====== Data shown ======

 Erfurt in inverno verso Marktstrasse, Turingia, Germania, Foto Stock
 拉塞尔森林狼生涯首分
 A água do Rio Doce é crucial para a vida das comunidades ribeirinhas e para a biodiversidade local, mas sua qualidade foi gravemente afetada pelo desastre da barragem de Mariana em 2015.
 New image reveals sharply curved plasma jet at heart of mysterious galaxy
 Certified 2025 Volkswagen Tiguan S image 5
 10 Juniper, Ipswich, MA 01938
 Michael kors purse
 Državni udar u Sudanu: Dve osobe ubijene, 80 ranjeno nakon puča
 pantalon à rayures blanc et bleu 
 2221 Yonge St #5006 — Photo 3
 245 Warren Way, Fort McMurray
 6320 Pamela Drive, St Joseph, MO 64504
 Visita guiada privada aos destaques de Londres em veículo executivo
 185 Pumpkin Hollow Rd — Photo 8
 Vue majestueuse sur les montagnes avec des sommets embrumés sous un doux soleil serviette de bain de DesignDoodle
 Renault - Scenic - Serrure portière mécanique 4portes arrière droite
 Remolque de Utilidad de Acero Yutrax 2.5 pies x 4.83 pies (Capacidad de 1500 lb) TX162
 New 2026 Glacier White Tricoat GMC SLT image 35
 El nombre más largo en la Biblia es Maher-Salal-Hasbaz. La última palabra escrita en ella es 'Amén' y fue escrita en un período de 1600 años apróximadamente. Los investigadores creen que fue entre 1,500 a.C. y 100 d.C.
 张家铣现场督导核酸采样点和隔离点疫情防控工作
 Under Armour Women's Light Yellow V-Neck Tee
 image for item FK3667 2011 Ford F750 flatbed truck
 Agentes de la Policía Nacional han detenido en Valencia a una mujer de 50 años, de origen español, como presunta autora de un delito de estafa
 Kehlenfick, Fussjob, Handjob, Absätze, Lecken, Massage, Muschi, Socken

======

About this task:
From the data above, pick out each line containing "años" and copy it.

Answer:
 El nombre más largo en la Biblia es Maher-Salal-Hasbaz. La última palabra escrita en ella es 'Amén' y fue escrita en un período de 1600 años apróximadamente. Los investigadores creen que fue entre 1,500 a.C. y 100 d.C.
 Agentes de la Policía Nacional han detenido en Valencia a una mujer de 50 años, de origen español, como presunta autora de un delito de estafa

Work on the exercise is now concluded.